Caption-style text data
§ §

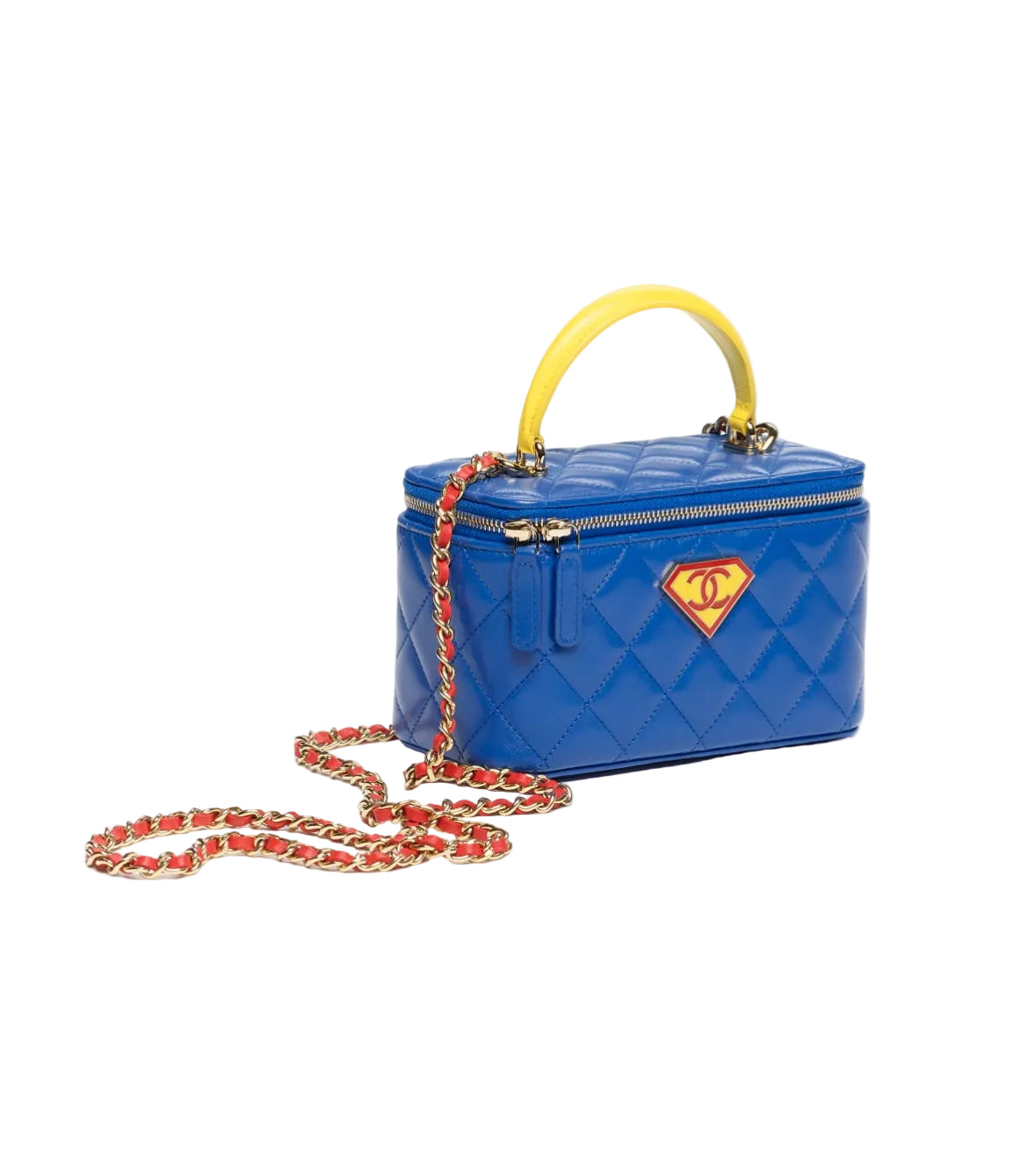 Blue quilted handbag with yellow handle and Superman logo on a white background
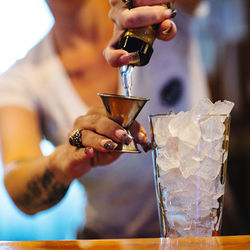 Midsection of man preparing food in glass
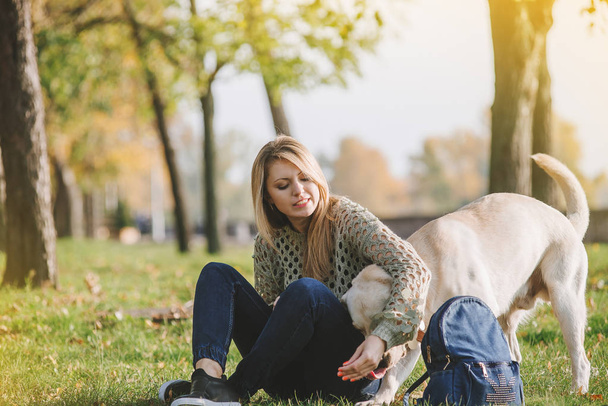 όμορφη ξανθιά κάθεται στο γρασίδι στο πάρκο και παίζει με το σκυλί λαμπραντόρ - Φωτογραφία, εικόνα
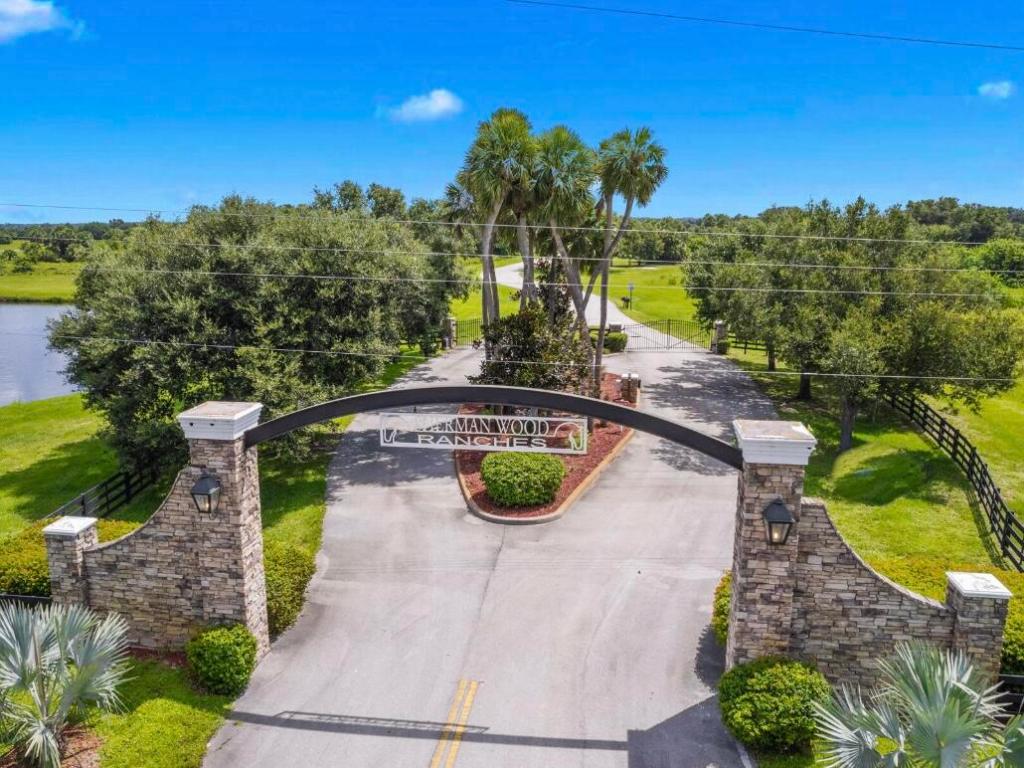 SHERMAN WOOD RANCHES - Land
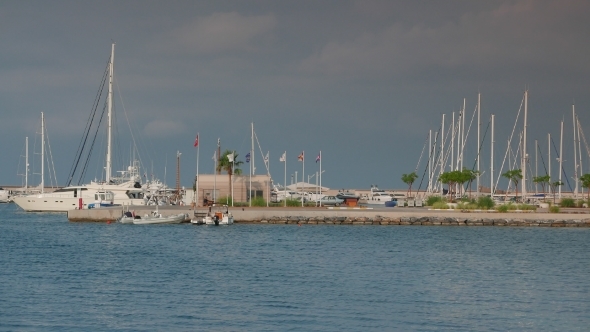 Sailing And Motor Superyachts Moored In Marina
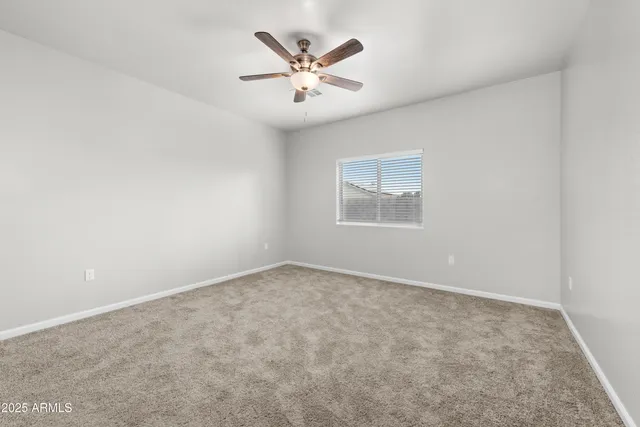 an empty room with closet and ceiling fan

§ §

— WORK INSTRUCTION —
From the line that contains "Sailing And Motor" to the last line of the data, print each line exactly, both ends included, and omit the pictures.

— RESULT BELOW —
 Sailing And Motor Superyachts Moored In Marina
 an empty room with closet and ceiling fan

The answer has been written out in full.